So I’m happy.  Or rather, I’m not entirely happy, as the prices of the boxes are rather steep.  But hopefully, an Apple TV 4K should last a good number of years without having needing another major hardware refresh.

The Apple Watch series 3.  For me, this isn’t that important.  I’m happy enough with my series 2.  I don’t need a cellular connection.  The one and only thing that’s of interest is the ability to charge it wirelessly.

Which brings us onto the iPhones.  I’m a bit confused with what Apple is trying to achieve here with the iPhone X and the iPhone 8/8 Plus.  The iPhone X seems very experimental.  While I’m sure Apple has solved the biggest problems with facial recognition (which Samsung absolutely has not), I think there will be problems.  The iPhone X is the first generation of its kind, and there are bound to be a few issues here and there – and while the OLED display with super thin bezels is appealing, the lack of a touch ID (at least as a backup/alternative for Face ID) and the silly pricing puts it out of my reach.

What really has put me off the iPhone X are people inevitably using Face ID at the barriers of London Underground stations and when boarding London buses.  I can just see it now – the phone doesn’t unlock, or they’re leaving the unlocking until the last minute and it delays the flow of traffic through the barriers or boarding the bus.  This is the first generation of Face ID.  I expect there will be issues.

Then there is the iPhone X’s Super Retina Display.  One of the biggest problems I have with iOS at the moment is that there are still too many developers not updating their apps to make full use of the FHD (full high definition) iPhone 6/7 Plus display.  Take National Rail’s iOS app, for example – it looks big and chunky because the development team hasn’t updated the app to take advantage of the higher resolutions of recent phones.  There are quite a few other developers guilty of this.

What I think will happen is that we’ll see one last iteration of the iPhone 6/7/8 form factor in the iPhone 9, then we’ll see the iPhone 11 which will merge everything together and will see a much lower price point as Apple fixes everything from what’s been gleaned from the public using the iPhone X.  I do not wish to be a paying beta tester for Apple (not while I have to pay through the nose for their equipment – hence why I never run any of their public betas), so the iPhone X is out for me.  Which is cool.  It’s not for everybody.

But the iPhone 8 Plus.  Now that’s tempting.  While it looks like an iPhone 7 Plus (which in itself is no bad thing), it gets wireless charging.  When I’ve briefly had Samsung phones, the ability to charge the device wirelessly was a tremendous benefit.  Now Apple is going wireless charging, this is going to be HUGE.  The True Tone display of the 10.5 iPad Pro is beautiful, so I’m glad that the iPhone 8 Plus is getting that (though it’s a shame that none of the new iPhone models are not getting the 120Hz ProMotion technology).  I’m also pleased to see the cameras get some subtle upgrades too, including new sensors and filters.  Will it surpass that of the Galaxy Note 8?  I’m not so sure, but Apple has always had pretty decent cameras and they’ve been good enough for me.

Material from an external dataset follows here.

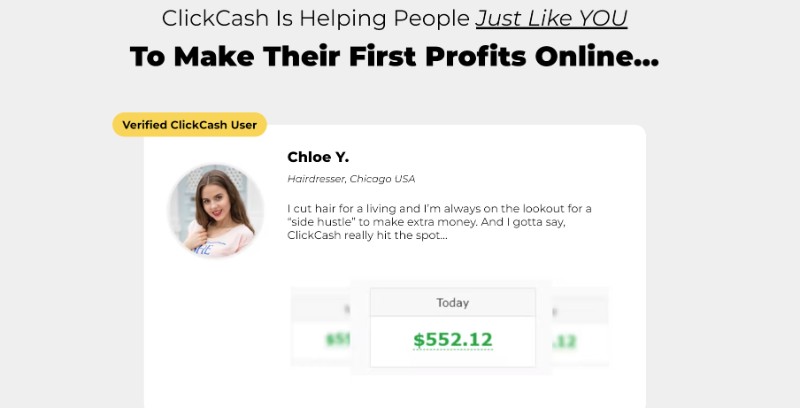 Verified ClickCash User from Chicago, USA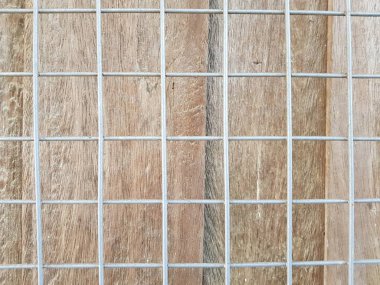 Ahşap kaplama arka plan, kahverengi kalaslar. Grunge Wood, üst manzara.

The next few months are going to be very interesting indeed as people get their hands on these new devices.  I really do hope that Apple has solved the facial recognition problem – but it’s far too early, and far too expensive, to be taking a gamble at this time.

Game of Phones part.. oh, I’ve lost track now.. and the big screen experience at home

September is traditionally the time in which the two biggest players in the smartphone market release (or at least announce) their newest flagship phones to the masses.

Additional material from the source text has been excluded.